Gabriel Morin, directeur de cabinet du préfet de Bretagne, chargé notamment des questions de sécurité : « L’Éducation nationale est très attentive à la problématique des mineurs qui tombent dans le trafic. Nous conduisons, avec les forces de sécurité, des opérations aux abords et parfois dans les établissements scolaires, qui sont assez frappantes pour les enfants. Il s’agit de montrer qu’on est là et qu’un collège, ce n’est pas le Far West. Il y a évidemment une réponse sociale à apporter. Certains mineurs peuvent relever de la protection de l’enfance ou plutôt du judiciaire. Il s’agit de vérifier si des mesures sont nécessaires pour que ces enfants retrouvent un cadre d’éducation normal. Leur place est à l’école ou dans des structures d’accompagnement. Pas dans la rue, à faire les guetteurs pour des criminels sans scrupule qui exploitent leur vulnérabilité. L’emploi d’enfants sur les points de deal rend ce trafic encore plus abject ».

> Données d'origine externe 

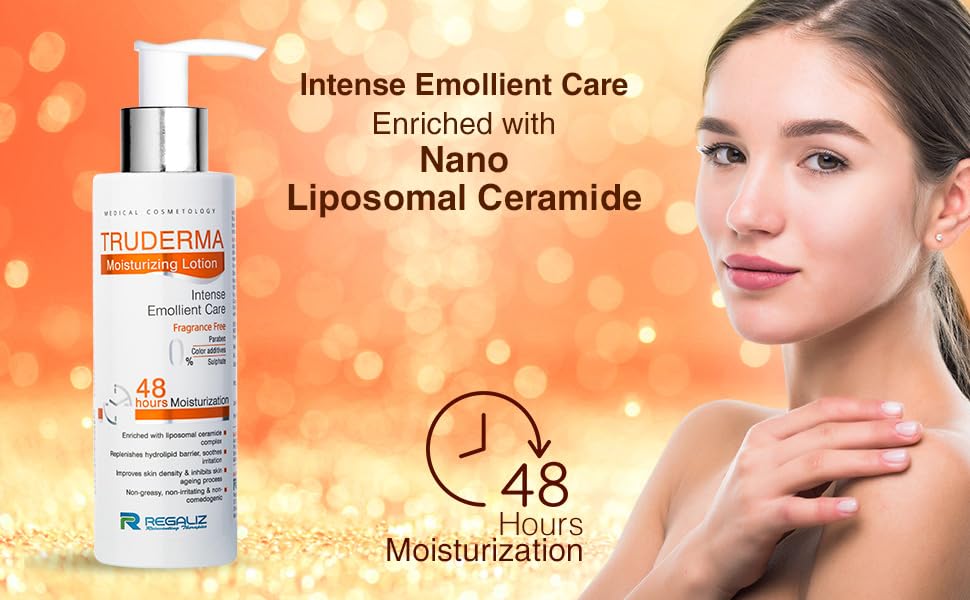 Truderma Moisturizing Lotion | Intense Emollient Care for Dry, Rough, & Itchy Skin | 150ml - Skiynse Dermatologique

« Certaines méthodes de Rennes commencent à s’exporter ailleurs », s’alarme Alliance

Julien Le Cam, référent Bretagne du syndicat Alliance : « Les dealers préfèrent mettre des très jeunes car c’est une main-d’œuvre qui coûte moins cher. Et la justice ne peut pas les poursuivre. Pour le moment, ces pratiques extrêmes de recrutement d’enfants sont réservées à Rennes, qui reste la ville la plus délicate en Bretagne en matière de stupéfiants. L’inquiétude, c’est que cela se généralise car il y a toujours un décalage. On voit que certaines méthodes, qu’on pensait cantonnées à Rennes, commencent déjà à s’exporter ailleurs dans la région. On a vu, par exemple, des tirs à Quimper et Morlaix, où c’était impossible d’imaginer cela il y a encore quelques mois. L’utilisation des armes se répand. Et le problème, c’est que l’État n’anticipe pas. Le trafic de stupéfiants est en train de changer la face de toute la délinquance. Les commissariats bretons sont calibrés sur celle des années 90 ».

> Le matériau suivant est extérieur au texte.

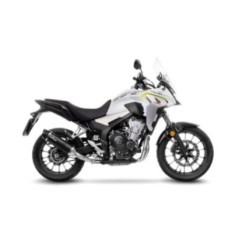 LEOVINCE TERMINALE SCARICO LV ONE EVO CARBON FIBER HONDA CB500 X 19-21 FIBRA DI CARBONIO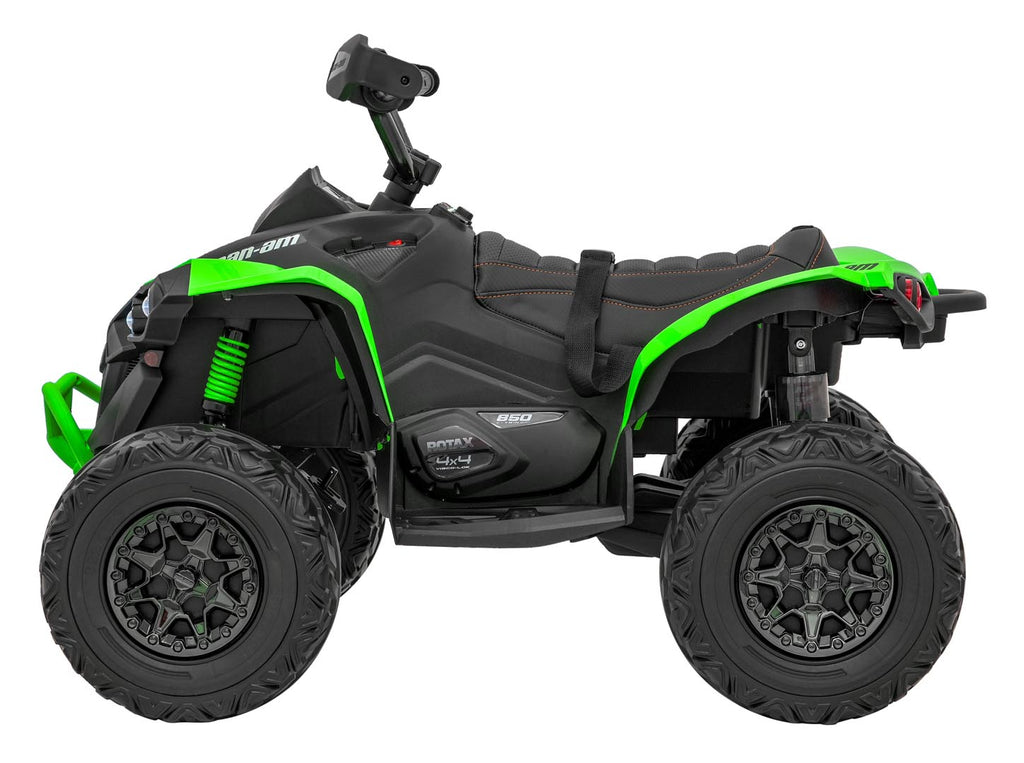 Elektrické autíčko Maverick ATV zelená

« Certaines mères seules n’ont pas le temps de s’occuper de leur enfant », pointe SGP-Police

David Leveau, secrétaire régional de SGP-Police : « L’emploi de guetteurs dès 13-14 ans est monnaie courante même si le recrutement des très jeunes semble, pour le moment, circonscrit à Rennes. Mais je crains aussi que cela arrive ailleurs en Bretagne. Il y a clairement un problème dans l’éducation des enfants. On a des familles débordées, qui ne savent plus quoi faire de leur gamin. Certaines mères les élèvent seules, ont un ou deux emplois pour pouvoir vivre et n’ont pas le temps de s’en occuper. C’est une problématique que l’on observe sur l’ensemble du territoire. Et si on ne travaille pas là-dessus, on n’y arrivera pas. D’autant qu’on voit ces vidéos de dealers qui se multiplient sur les réseaux sociaux qui ont pour but d’attirer, de montrer qu’il n’y a rien à craindre de la justice, en empruntant les codes des clips de rap. Ils occultent tout le côté négatif et le risque de le payer de sa vie. La police arrive en bout de la chaîne, quand c’est trop tard ».